Captioned web image data
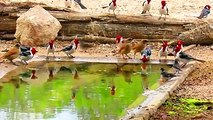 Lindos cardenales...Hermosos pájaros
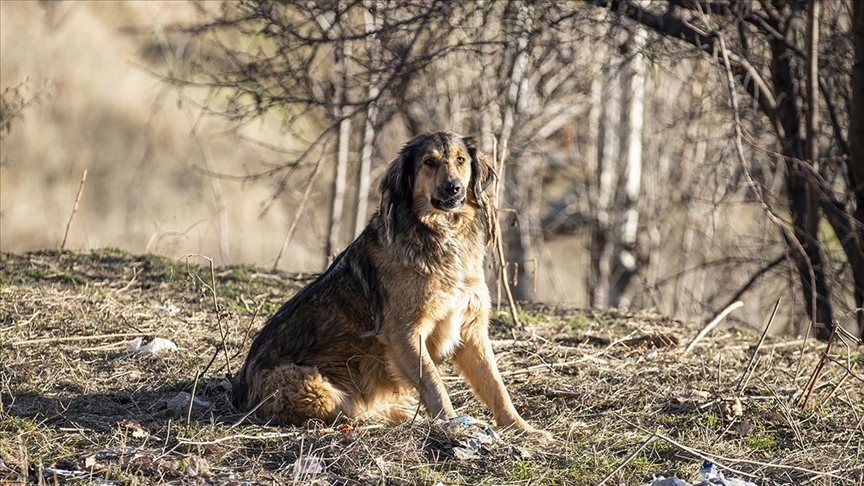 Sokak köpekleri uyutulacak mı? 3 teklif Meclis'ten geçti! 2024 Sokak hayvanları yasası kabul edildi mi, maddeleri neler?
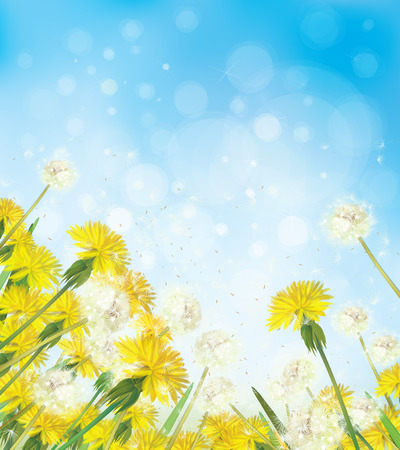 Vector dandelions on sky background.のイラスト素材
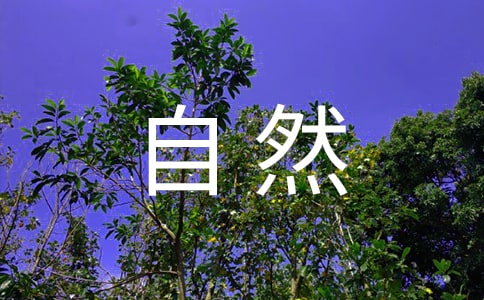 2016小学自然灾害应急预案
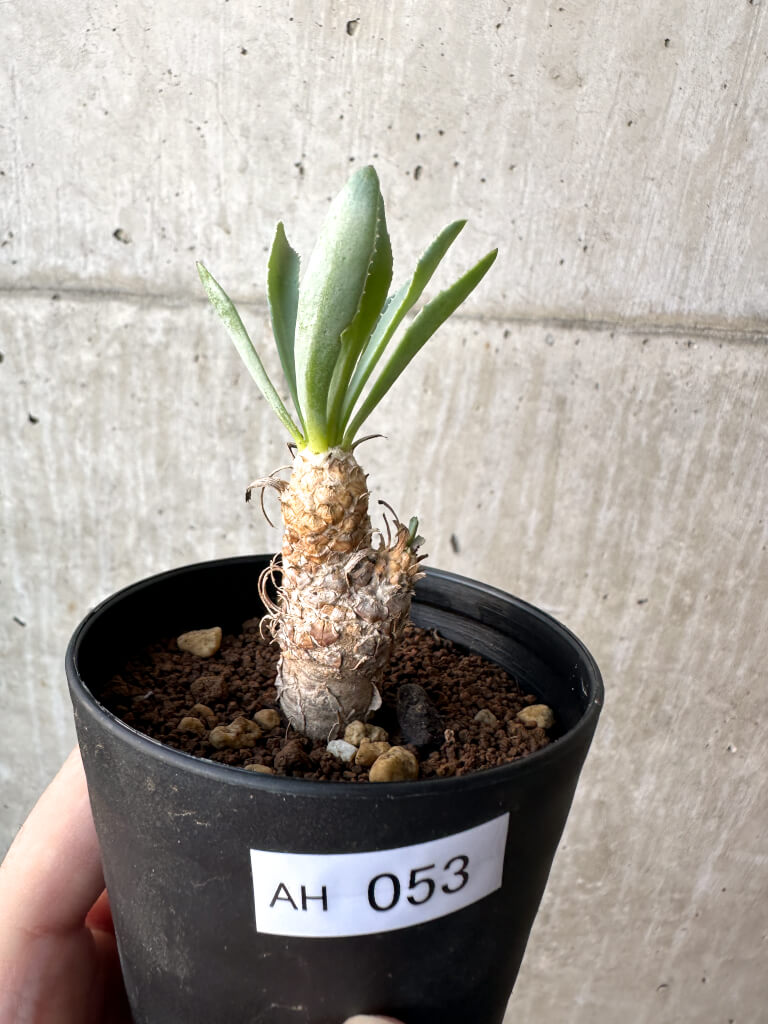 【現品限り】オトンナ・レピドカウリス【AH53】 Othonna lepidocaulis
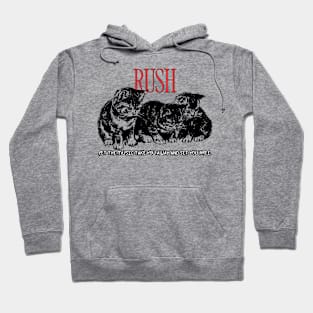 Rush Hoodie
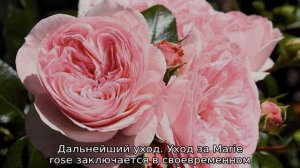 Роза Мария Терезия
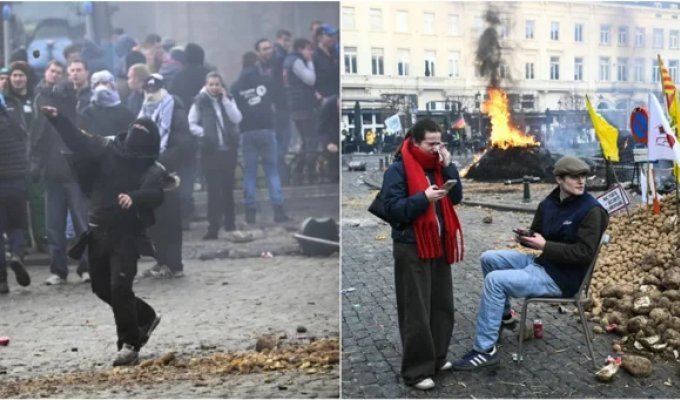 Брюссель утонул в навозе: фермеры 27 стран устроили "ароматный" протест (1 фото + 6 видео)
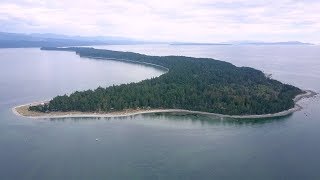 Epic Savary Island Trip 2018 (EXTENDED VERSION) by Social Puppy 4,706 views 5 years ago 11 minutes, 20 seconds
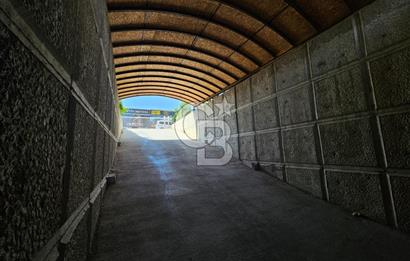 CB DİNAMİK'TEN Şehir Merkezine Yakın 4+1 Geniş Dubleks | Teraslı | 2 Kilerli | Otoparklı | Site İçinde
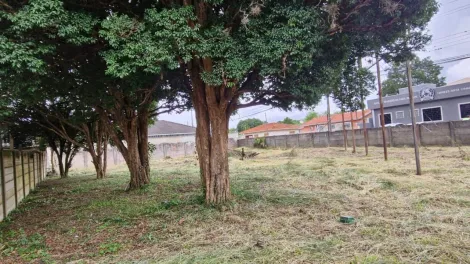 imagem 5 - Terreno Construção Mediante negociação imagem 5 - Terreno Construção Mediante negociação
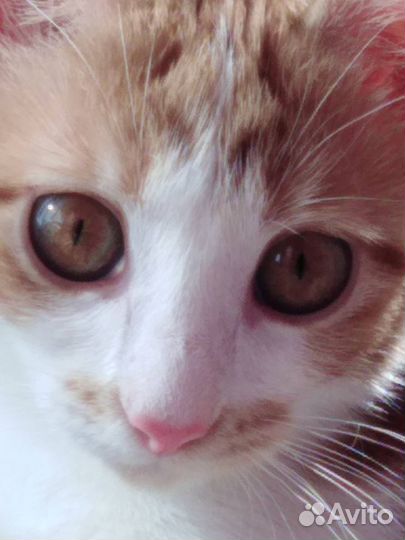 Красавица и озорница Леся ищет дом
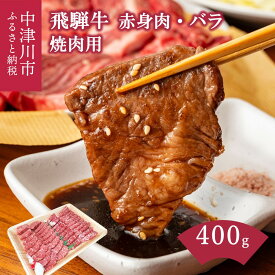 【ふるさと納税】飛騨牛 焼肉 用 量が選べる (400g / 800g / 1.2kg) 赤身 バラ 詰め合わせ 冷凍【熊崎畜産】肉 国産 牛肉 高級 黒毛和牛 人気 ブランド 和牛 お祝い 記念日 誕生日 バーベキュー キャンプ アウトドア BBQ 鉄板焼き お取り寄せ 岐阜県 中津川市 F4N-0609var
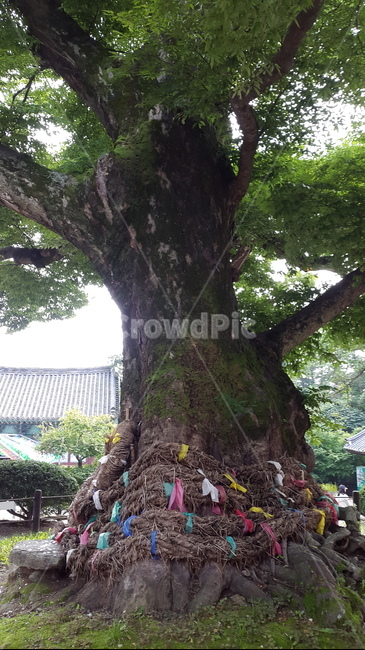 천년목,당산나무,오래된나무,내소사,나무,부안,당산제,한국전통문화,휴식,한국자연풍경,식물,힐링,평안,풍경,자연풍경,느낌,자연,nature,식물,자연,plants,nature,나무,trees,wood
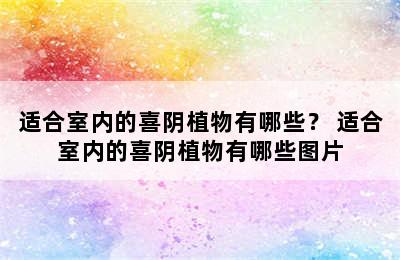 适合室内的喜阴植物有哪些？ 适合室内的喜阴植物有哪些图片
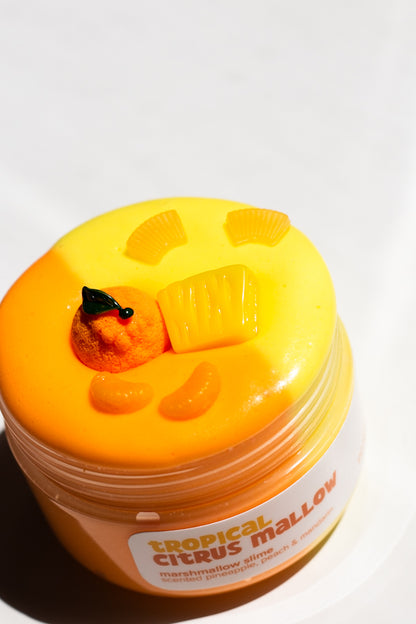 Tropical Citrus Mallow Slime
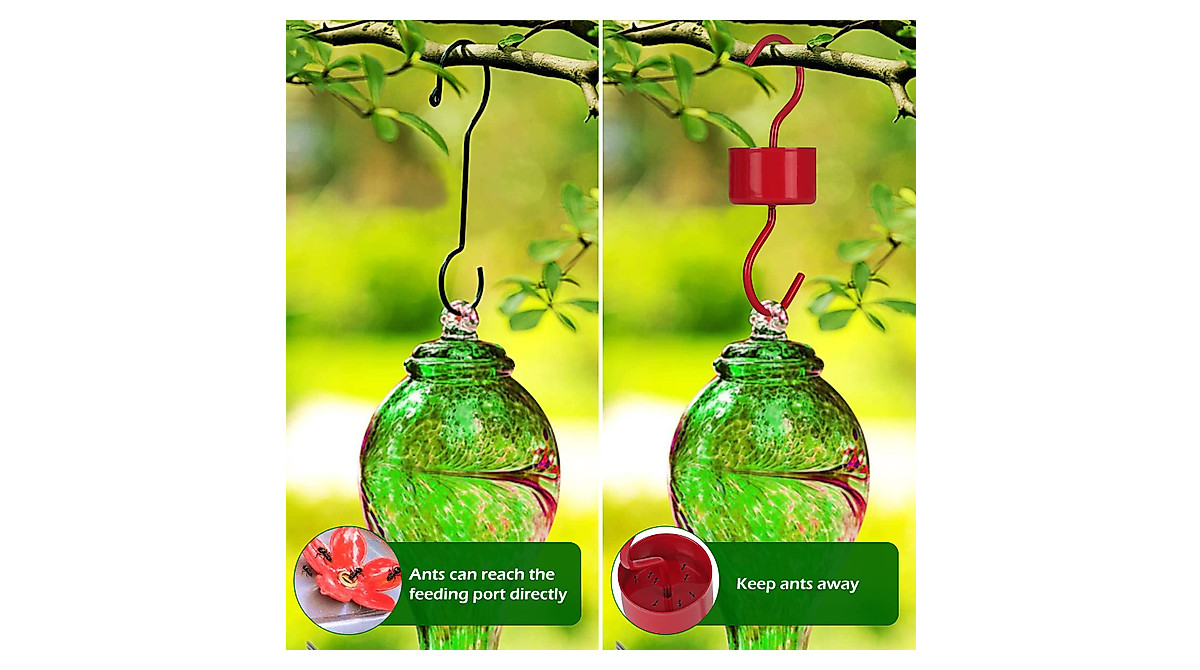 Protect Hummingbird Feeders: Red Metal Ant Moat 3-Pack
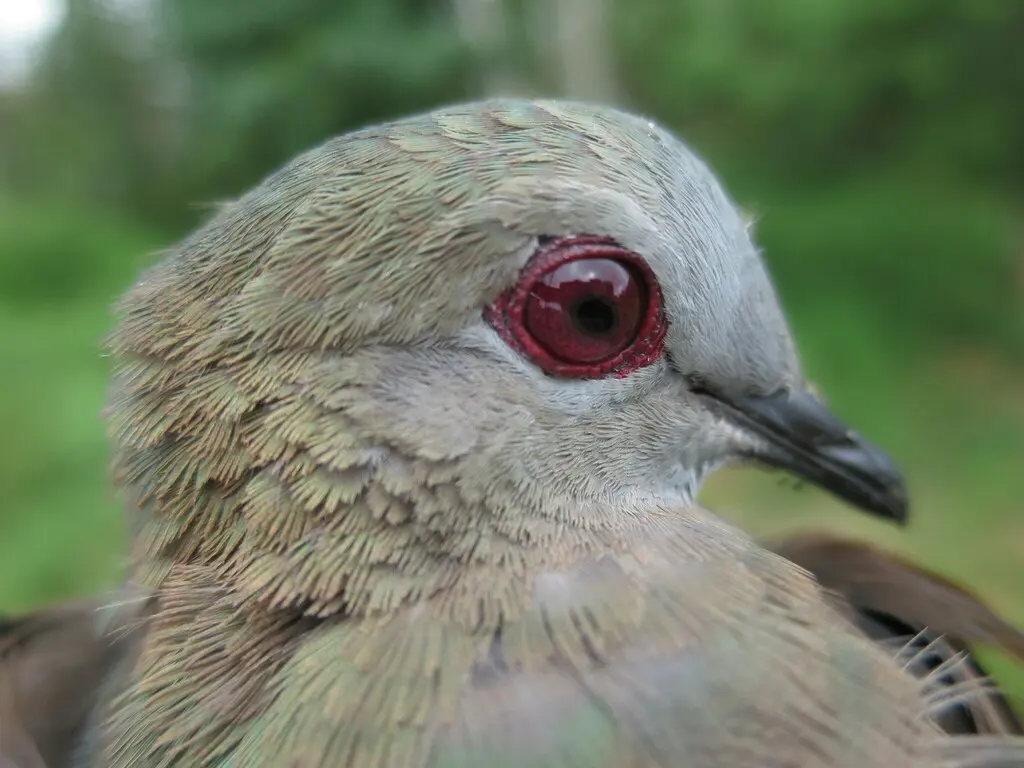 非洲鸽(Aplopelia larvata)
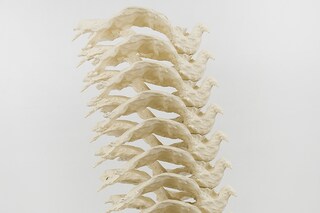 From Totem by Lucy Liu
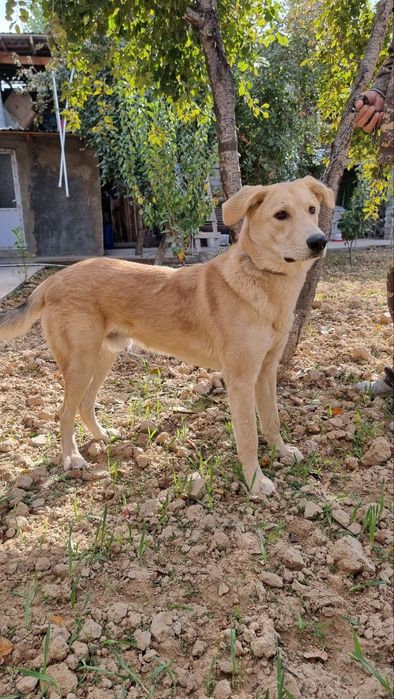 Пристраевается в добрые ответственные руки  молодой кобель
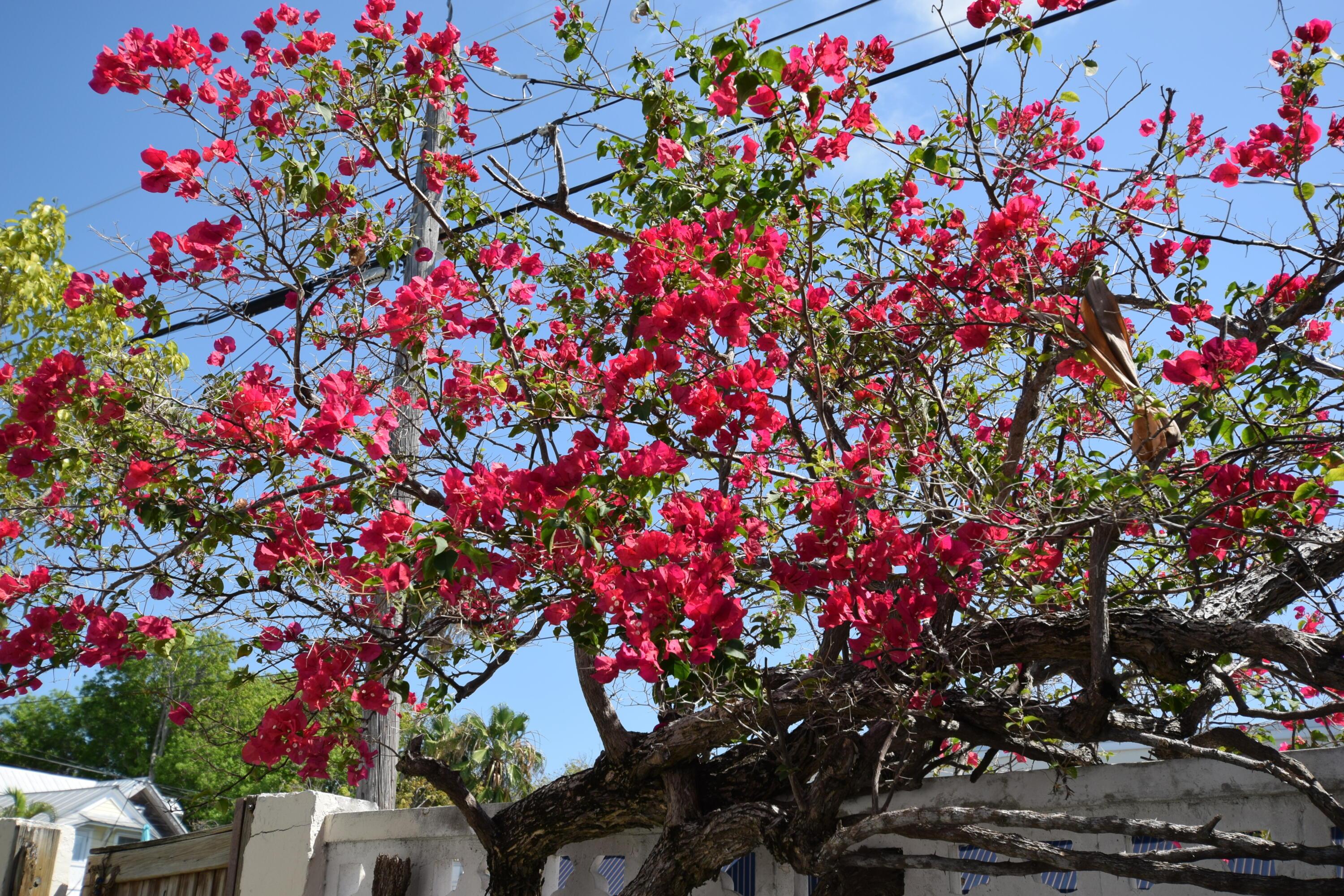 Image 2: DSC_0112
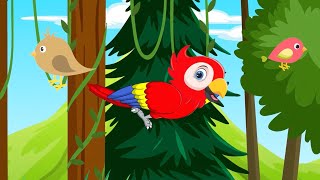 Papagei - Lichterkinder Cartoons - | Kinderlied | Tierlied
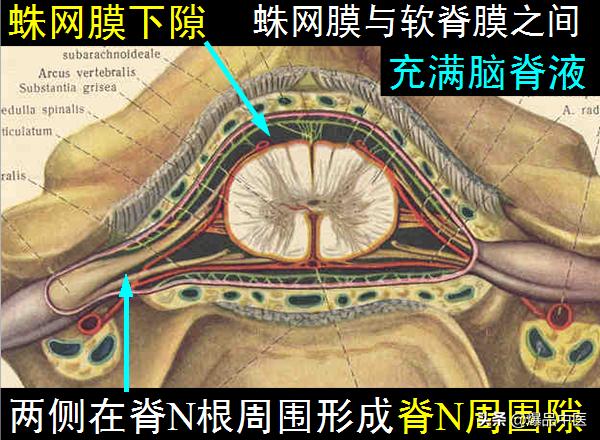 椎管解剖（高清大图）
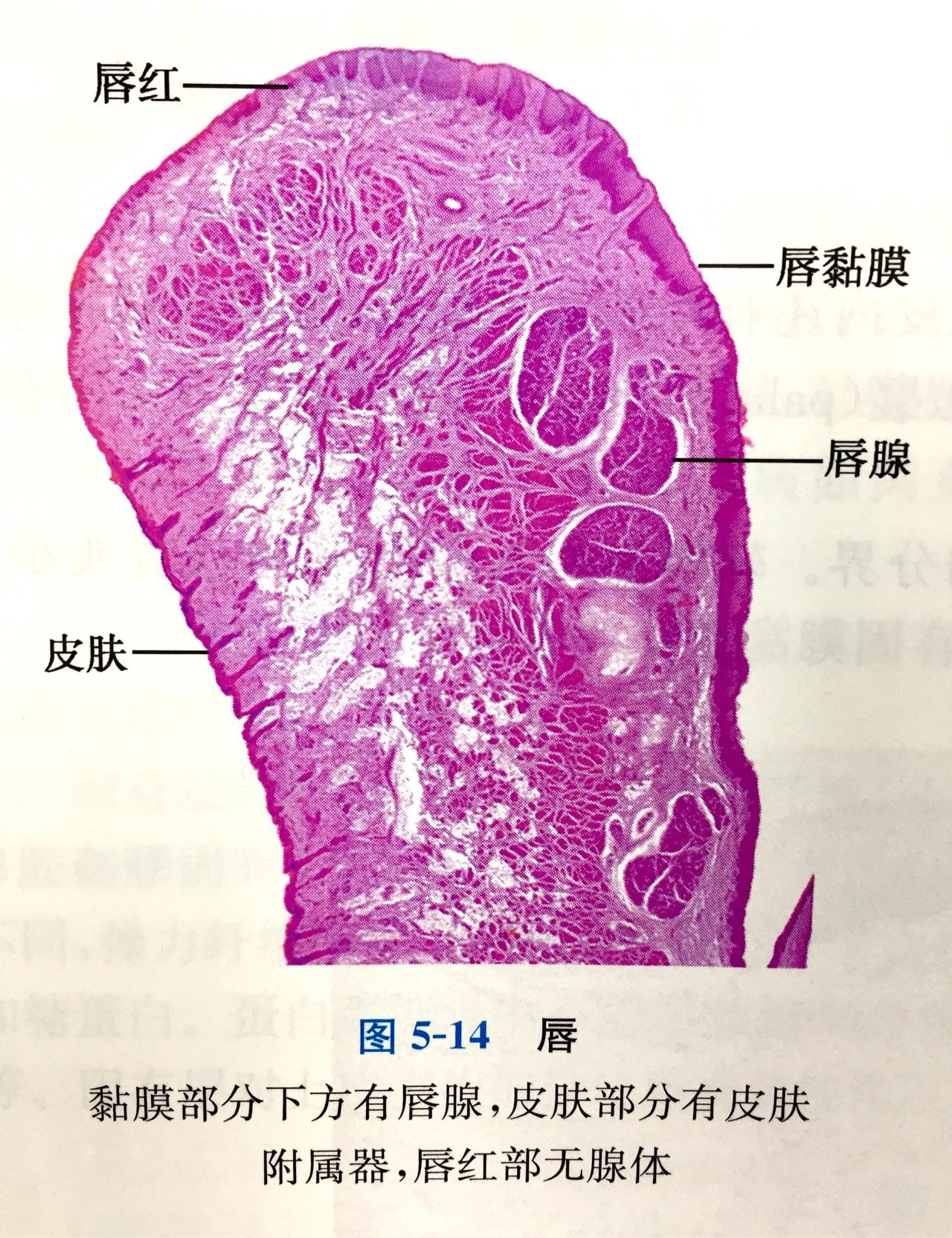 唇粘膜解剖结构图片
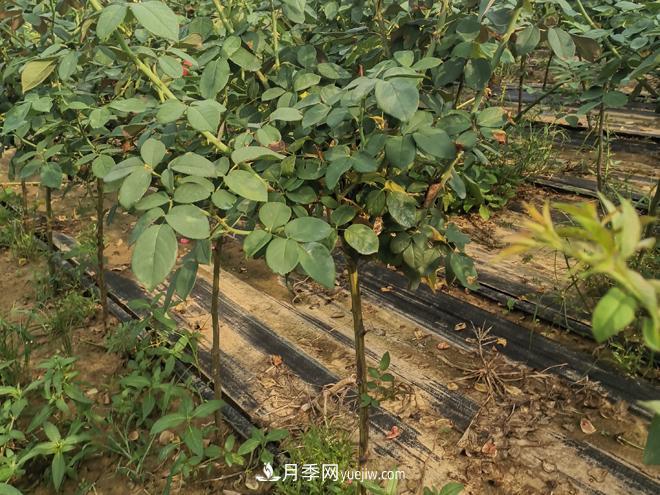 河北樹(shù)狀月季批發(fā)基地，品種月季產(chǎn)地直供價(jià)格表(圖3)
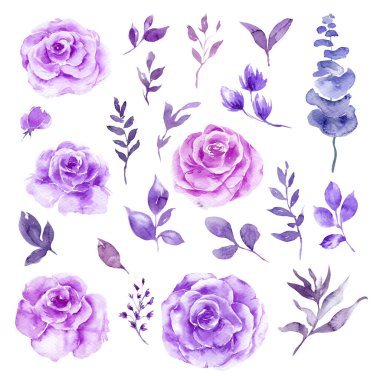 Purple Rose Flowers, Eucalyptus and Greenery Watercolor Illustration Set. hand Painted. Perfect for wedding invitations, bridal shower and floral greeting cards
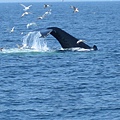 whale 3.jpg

• **Action item**:
All entries are to be retyped exactly. Omit any embedded images.

• **Task output**:
 Lindos cardenales...Hermosos pájaros
 Sokak köpekleri uyutulacak mı? 3 teklif Meclis'ten geçti! 2024 Sokak hayvanları yasası kabul edildi mi, maddeleri neler?
 Vector dandelions on sky background.のイラスト素材
 2016小学自然灾害应急预案
 【現品限り】オトンナ・レピドカウリス【AH53】 Othonna lepidocaulis
 Rush Hoodie
 Роза Мария Терезия
 Брюссель утонул в навозе: фермеры 27 стран устроили "ароматный" протест (1 фото + 6 видео)
 Epic Savary Island Trip 2018 (EXTENDED VERSION) by Social Puppy 4,706 views 5 years ago 11 minutes, 20 seconds
 CB DİNAMİK'TEN Şehir Merkezine Yakın 4+1 Geniş Dubleks | Teraslı | 2 Kilerli | Otoparklı | Site İçinde
 imagem 5 - Terreno Construção Mediante negociação imagem 5 - Terreno Construção Mediante negociação
 Красавица и озорница Леся ищет дом
 【ふるさと納税】飛騨牛 焼肉 用 量が選べる (400g / 800g / 1.2kg) 赤身 バラ 詰め合わせ 冷凍【熊崎畜産】肉 国産 牛肉 高級 黒毛和牛 人気 ブランド 和牛 お祝い 記念日 誕生日 バーベキュー キャンプ アウトドア BBQ 鉄板焼き お取り寄せ 岐阜県 中津川市 F4N-0609var
 천년목,당산나무,오래된나무,내소사,나무,부안,당산제,한국전통문화,휴식,한국자연풍경,식물,힐링,평안,풍경,자연풍경,느낌,자연,nature,식물,자연,plants,nature,나무,trees,wood
 适合室内的喜阴植物有哪些？ 适合室内的喜阴植物有哪些图片
 Tropical Citrus Mallow Slime
 Protect Hummingbird Feeders: Red Metal Ant Moat 3-Pack
 非洲鸽(Aplopelia larvata)
 From Totem by Lucy Liu
 Пристраевается в добрые ответственные руки  молодой кобель
 Image 2: DSC_0112
 Papagei - Lichterkinder Cartoons - | Kinderlied | Tierlied
 椎管解剖（高清大图）
 唇粘膜解剖结构图片
 河北樹(shù)狀月季批發(fā)基地，品種月季產(chǎn)地直供價(jià)格表(圖3)
 Purple Rose Flowers, Eucalyptus and Greenery Watercolor Illustration Set. hand Painted. Perfect for wedding invitations, bridal shower and floral greeting cards
 whale 3.jpg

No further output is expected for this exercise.